NBTC yang membawa rombongan Sales Mission Holland Alliance 2015 telah bertemu dengan perusahaan tur dan travel Indonesia. Mereka mempromosikan Belanda agar lebih menarik untuk turis Indonesia.
SCROLL TO CONTINUE WITH CONTENT
NBTC sadar, banyak perusahaan travel Indonesia yang menjadikan Belanda sebagai titik masuk sebelum menjelajah Eropa. Mereka ingin agar tur dari wisatawan Indonesia bisa lebih lama di Belanda.
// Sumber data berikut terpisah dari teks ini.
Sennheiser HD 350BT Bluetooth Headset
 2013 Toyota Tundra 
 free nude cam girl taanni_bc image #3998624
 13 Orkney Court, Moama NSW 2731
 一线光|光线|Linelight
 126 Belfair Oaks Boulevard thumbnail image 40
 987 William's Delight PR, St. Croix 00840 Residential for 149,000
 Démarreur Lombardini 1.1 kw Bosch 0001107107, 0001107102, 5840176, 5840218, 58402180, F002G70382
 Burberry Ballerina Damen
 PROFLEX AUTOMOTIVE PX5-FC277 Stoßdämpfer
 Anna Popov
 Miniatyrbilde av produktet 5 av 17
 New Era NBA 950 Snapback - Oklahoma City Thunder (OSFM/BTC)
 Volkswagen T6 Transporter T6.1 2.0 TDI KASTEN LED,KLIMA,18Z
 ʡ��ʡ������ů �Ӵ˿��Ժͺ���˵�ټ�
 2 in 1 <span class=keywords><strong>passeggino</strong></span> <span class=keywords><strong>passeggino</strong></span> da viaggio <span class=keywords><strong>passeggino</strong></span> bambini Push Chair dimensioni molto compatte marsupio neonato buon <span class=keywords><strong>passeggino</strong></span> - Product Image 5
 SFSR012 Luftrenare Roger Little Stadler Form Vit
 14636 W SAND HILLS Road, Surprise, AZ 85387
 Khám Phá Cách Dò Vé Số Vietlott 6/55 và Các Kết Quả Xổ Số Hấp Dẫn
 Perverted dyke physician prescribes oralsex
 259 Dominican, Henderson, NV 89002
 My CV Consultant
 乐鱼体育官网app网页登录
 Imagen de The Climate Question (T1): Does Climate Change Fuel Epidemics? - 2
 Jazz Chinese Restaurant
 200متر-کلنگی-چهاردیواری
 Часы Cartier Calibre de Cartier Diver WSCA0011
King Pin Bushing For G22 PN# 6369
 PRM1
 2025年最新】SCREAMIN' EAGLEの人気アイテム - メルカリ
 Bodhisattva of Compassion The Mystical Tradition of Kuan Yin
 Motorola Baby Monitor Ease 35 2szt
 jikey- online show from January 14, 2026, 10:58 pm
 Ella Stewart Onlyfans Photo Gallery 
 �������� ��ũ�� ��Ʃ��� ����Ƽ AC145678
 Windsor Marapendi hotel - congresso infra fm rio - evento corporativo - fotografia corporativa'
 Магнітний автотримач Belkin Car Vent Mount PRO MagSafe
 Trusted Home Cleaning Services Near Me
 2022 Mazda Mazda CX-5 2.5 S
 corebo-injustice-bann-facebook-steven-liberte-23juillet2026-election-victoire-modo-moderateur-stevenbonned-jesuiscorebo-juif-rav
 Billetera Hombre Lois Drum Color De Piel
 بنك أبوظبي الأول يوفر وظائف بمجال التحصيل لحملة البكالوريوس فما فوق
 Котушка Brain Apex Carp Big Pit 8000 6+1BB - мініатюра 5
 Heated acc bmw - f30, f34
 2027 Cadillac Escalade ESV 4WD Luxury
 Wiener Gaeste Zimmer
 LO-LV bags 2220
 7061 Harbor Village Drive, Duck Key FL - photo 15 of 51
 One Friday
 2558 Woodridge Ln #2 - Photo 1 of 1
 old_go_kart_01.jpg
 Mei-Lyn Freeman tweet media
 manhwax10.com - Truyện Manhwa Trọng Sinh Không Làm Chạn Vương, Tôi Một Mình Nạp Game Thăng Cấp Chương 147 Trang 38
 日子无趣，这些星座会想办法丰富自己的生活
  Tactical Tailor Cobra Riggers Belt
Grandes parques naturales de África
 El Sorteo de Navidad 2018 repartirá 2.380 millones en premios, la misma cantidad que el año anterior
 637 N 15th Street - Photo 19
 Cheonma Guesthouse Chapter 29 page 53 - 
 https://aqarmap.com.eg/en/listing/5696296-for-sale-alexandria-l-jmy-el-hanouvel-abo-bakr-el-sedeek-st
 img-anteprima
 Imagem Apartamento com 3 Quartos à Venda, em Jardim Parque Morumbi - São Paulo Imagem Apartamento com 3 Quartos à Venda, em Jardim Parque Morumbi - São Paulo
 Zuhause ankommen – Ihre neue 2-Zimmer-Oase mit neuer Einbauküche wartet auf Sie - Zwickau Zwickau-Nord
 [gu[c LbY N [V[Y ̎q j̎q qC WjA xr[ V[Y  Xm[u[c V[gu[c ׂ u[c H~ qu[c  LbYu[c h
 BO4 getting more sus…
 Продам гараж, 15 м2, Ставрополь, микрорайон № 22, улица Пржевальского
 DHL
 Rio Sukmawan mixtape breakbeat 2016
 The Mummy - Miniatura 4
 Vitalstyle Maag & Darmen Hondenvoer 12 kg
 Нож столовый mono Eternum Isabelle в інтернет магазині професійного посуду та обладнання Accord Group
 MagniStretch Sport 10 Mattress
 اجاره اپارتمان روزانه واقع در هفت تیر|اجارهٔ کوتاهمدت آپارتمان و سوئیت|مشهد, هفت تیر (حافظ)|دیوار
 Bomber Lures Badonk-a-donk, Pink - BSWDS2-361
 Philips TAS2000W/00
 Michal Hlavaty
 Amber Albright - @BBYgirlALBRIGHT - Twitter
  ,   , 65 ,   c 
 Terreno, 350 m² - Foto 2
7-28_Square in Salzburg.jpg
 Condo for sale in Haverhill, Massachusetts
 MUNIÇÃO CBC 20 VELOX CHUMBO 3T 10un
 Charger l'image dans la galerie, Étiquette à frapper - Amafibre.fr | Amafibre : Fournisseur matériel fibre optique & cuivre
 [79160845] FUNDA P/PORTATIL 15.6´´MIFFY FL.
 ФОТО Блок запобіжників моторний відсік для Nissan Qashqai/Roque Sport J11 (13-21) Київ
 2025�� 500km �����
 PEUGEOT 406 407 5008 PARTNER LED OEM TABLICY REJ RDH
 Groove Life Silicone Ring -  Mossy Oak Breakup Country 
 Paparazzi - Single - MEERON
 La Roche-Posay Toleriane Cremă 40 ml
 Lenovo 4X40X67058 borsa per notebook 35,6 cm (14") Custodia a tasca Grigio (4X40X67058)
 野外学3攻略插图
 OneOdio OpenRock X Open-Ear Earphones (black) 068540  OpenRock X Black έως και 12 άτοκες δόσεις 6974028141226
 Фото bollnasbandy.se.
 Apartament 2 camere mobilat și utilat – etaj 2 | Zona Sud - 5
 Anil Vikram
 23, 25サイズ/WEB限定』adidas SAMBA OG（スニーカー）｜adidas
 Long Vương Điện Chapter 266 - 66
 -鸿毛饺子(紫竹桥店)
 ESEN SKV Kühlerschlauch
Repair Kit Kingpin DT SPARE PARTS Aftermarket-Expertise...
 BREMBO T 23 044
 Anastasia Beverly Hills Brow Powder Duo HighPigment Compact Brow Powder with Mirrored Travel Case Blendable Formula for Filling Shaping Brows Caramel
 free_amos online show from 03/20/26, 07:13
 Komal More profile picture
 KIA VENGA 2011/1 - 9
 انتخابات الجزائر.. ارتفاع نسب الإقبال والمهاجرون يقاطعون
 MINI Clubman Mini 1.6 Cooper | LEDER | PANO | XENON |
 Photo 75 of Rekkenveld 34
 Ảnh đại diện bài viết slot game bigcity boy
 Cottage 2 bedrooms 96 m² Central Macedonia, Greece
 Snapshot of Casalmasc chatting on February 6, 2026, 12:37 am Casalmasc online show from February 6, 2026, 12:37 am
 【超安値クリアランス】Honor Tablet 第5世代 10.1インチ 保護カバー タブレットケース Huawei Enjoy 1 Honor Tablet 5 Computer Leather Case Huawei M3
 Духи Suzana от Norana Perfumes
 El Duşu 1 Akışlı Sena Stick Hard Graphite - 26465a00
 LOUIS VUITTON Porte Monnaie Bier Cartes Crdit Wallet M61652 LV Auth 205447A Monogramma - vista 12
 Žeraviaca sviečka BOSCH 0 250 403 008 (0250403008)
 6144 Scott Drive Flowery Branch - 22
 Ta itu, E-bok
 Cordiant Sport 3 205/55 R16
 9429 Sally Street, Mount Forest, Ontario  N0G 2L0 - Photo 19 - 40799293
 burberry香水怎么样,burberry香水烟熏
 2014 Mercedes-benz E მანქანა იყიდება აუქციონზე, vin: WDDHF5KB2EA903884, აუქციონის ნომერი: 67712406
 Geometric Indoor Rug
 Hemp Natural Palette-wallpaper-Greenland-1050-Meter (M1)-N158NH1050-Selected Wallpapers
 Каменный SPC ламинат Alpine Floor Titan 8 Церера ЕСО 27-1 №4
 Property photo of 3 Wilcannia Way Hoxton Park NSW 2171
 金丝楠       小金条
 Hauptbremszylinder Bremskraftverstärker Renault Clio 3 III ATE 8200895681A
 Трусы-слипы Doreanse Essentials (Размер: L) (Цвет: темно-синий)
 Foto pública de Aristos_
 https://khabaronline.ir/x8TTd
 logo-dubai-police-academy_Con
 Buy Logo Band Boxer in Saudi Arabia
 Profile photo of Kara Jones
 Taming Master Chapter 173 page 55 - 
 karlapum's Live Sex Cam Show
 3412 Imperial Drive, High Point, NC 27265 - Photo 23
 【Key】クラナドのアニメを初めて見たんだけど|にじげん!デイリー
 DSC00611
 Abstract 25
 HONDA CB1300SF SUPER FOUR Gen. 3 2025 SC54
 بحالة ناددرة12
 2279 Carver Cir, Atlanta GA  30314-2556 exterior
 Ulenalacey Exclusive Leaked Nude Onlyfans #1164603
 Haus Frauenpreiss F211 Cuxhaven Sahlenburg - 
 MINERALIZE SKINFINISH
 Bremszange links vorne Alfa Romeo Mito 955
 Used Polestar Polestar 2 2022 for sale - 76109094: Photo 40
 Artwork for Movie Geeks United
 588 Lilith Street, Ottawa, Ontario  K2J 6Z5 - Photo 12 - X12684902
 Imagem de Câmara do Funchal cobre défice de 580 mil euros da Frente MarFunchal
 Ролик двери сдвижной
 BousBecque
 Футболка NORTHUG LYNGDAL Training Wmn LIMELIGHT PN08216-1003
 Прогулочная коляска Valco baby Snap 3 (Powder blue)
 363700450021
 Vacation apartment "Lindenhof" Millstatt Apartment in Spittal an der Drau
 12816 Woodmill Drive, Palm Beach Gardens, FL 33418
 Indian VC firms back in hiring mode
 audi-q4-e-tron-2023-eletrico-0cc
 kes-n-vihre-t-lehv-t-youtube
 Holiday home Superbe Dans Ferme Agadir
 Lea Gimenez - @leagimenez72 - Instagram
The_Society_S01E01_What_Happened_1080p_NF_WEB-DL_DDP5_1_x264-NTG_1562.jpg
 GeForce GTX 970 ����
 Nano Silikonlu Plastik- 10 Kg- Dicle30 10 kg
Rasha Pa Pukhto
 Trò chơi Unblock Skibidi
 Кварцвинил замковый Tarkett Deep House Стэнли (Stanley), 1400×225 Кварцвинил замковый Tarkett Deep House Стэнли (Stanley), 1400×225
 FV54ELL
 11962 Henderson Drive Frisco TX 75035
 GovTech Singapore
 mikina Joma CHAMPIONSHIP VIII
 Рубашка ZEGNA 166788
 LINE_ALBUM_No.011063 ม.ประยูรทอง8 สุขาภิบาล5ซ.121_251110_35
"Kebanyakan hanya dua hari, kami inginnya bisa ditambah dong menjadi tiga hari. Banyak yang bisa dieksplor di Belanda," ujarnya.
Namun NBTC juga melihat tren yang meningkat dari independent traveler, wisatawan Indonesia yang pergi ke Belanda tanpa menggunakan jasa tur. Mereka ini kebanyakan anak muda atau keluarga muda. Sedangkan yang menggunakan tur kebanyakan adalah mereka yang sudah lama berkeluarga dengan anak-anak.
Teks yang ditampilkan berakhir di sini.